My love and joy for music is a daily ritual.

Even in my writing, I like a little piano ringing in my ear. I have written of this before, giving all acknowledgements to my father, who tapped his rings on his steering wheel to jazz music while driving me to school when I was only 8.

It is a lovely part of life, music, helping us to feel, laugh and play, carrying us into wherever we may go. And so, music carries us into Christmas. All the hymns, all the bells and all the carols of peace and joy.

My parents have told me for years of the beautiful Christmas production of singing and music by Auburn United Methodist Church. So, on Sunday evening, after my husband left town for work, I decided to join my mom and dad, children in tow, to a church pew in Auburn to experience Christmas among a full house orchestra.

It was everything and more than I dreamed it would be. The view of a grand church decorated in greenery and red, carolers with candles, walking in the light of Christ, and the sounds of many holy instruments, loud and crisp to capture that which the heart longs to feel.

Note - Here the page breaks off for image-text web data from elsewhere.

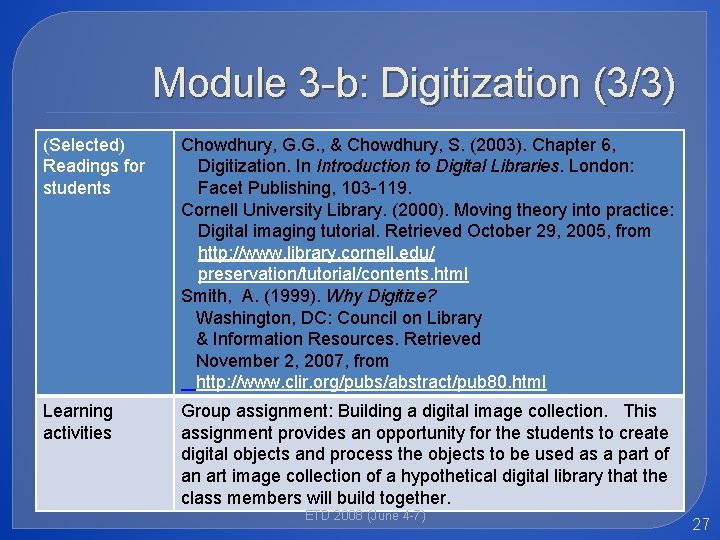 Module 3 -b: Digitization (3/3) (Selected) Readings for students Chowdhury, G. G. , &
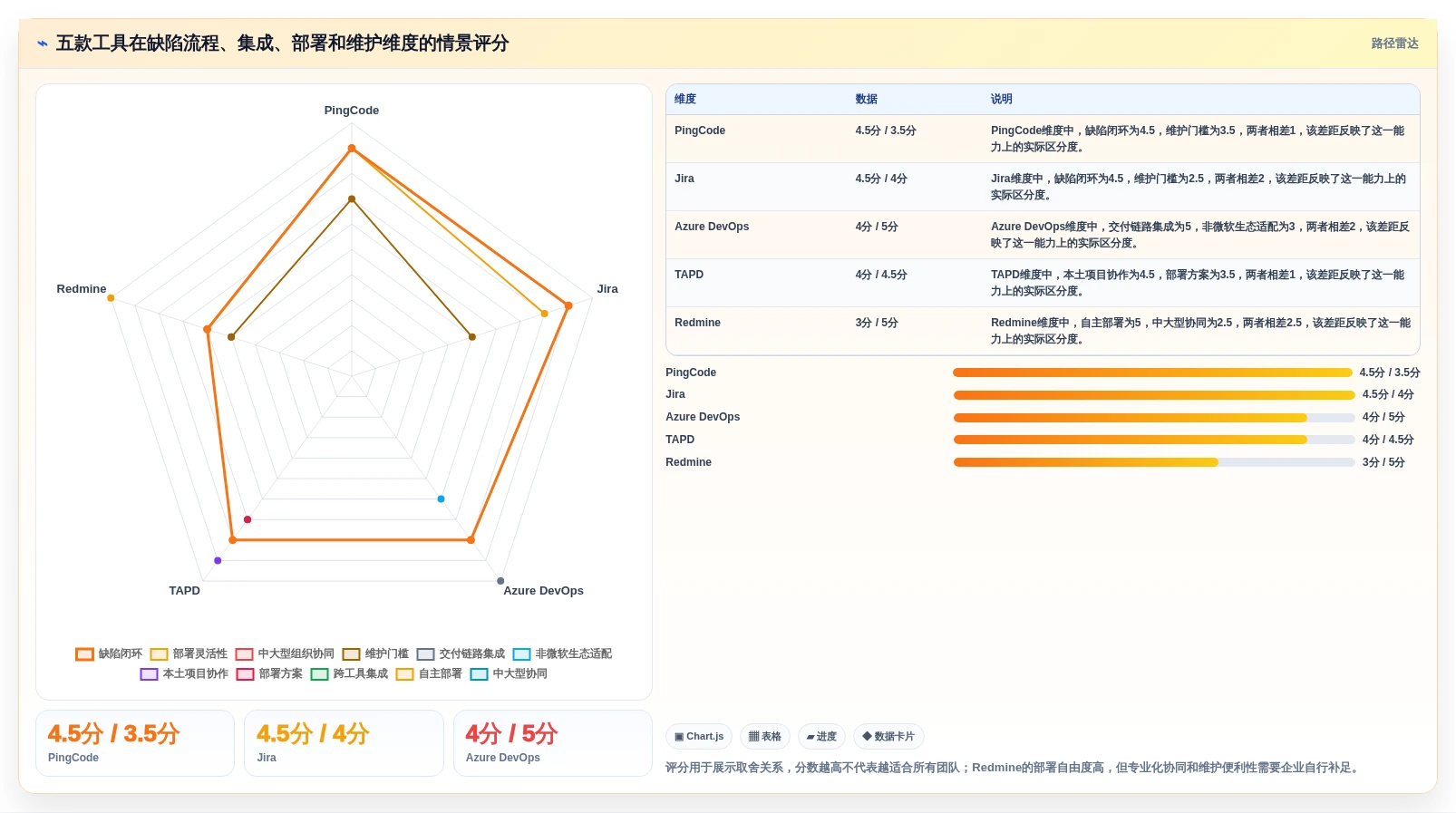 研发团队效率翻倍!2026年最值得投资的5大bug在线管理工具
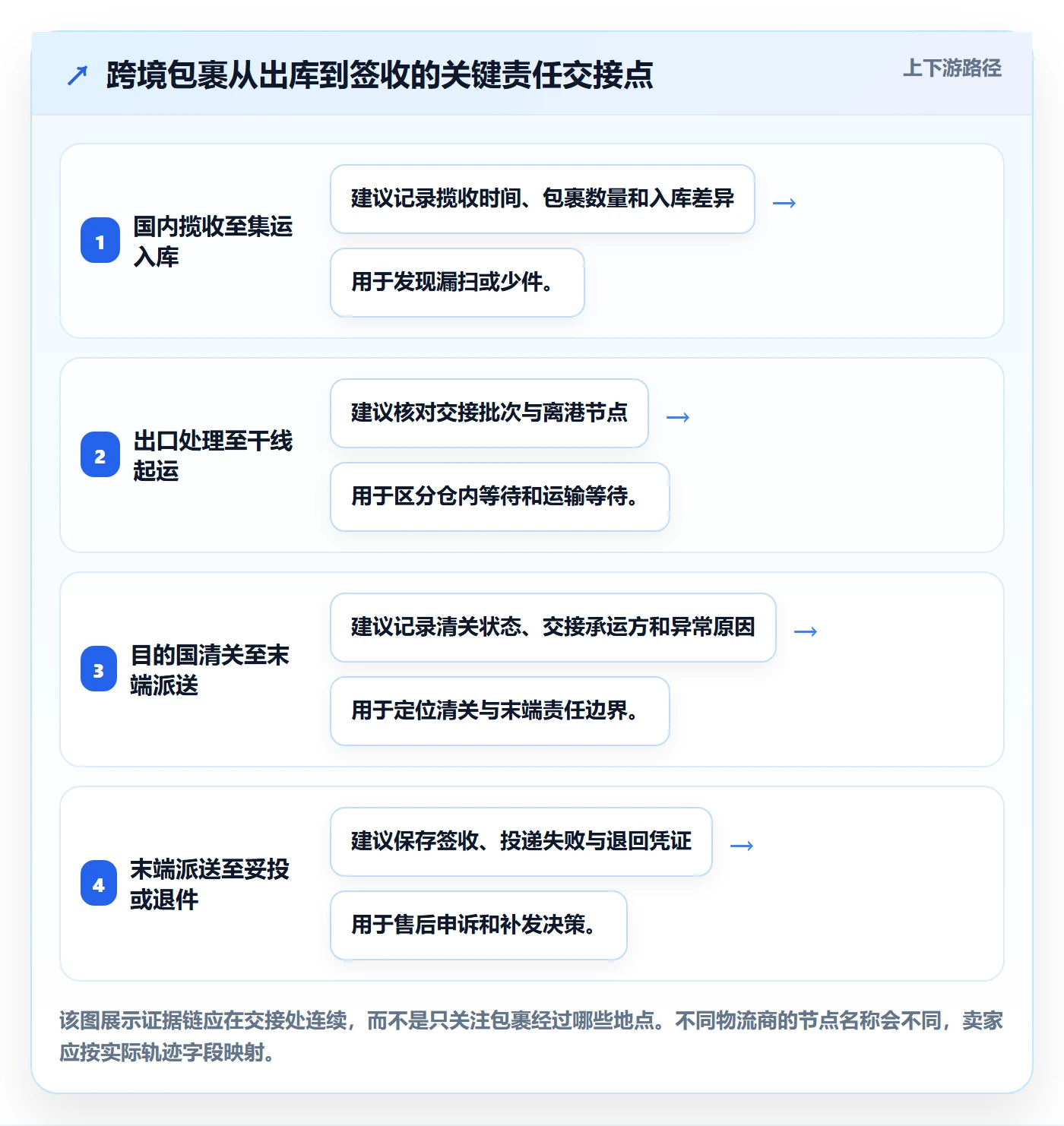 跨境电商怎么选？跨境物流相关的案例拆解判断标准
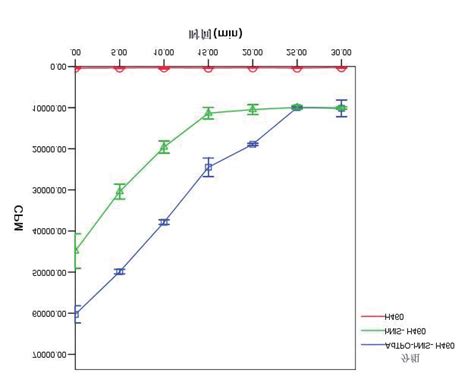 125 I efflux experiments of cell lines | Download Scientific Diagram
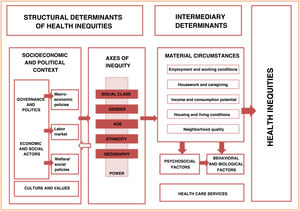 Conceptual framework of social determinants of health and health inequities.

I felt as if I had stepped out of Auburn into a lavish New York City evening. It was spectacular, all of it, until my two young sons decided to escape church.

One hour into the program, I’m sitting on the edge of my pew, enjoying every second of brass and string and song, while the boys’ minds and bodies begin to wander. After a grand applause from the crowd, Braxton stands to exit, motioning his brother to come along. He whispers unto my father, “I’m going to take Shep outside to stretch our legs.”

I’m okay with this, as the intermission is just two songs away. Ten minutes later, the host of people in the church are dismissed, many remaining to chat with others and a handful of us walk away for a quick refresh. I walk in search of a restroom, hoping to find my boys to coax them back into church, but they were nowhere to be found.

I walk outside, 7:45 p.m., into a well-lit and lovely downtown Auburn, and in the back of my mind I knew that wherever they were, Braxton was looking out for them both and it was highly likely that they were having their own grand Christmas adventure.

Thirty minutes later, after having been gone for almost an hour, the Robertson duo walks back up the front steps of the church.

“Well hey Momma,” said Braxton. “You about ready to go home?”

I cannot speak.

“Shep and I got a little restless in church,” he said. “So we just figured we’d come outside and walk around a bit.”

Still nothing. Still no wise, mothering words. I can hear the orchestra from inside and under the lovely stars of Christmas I am genuinely just so happy to see them.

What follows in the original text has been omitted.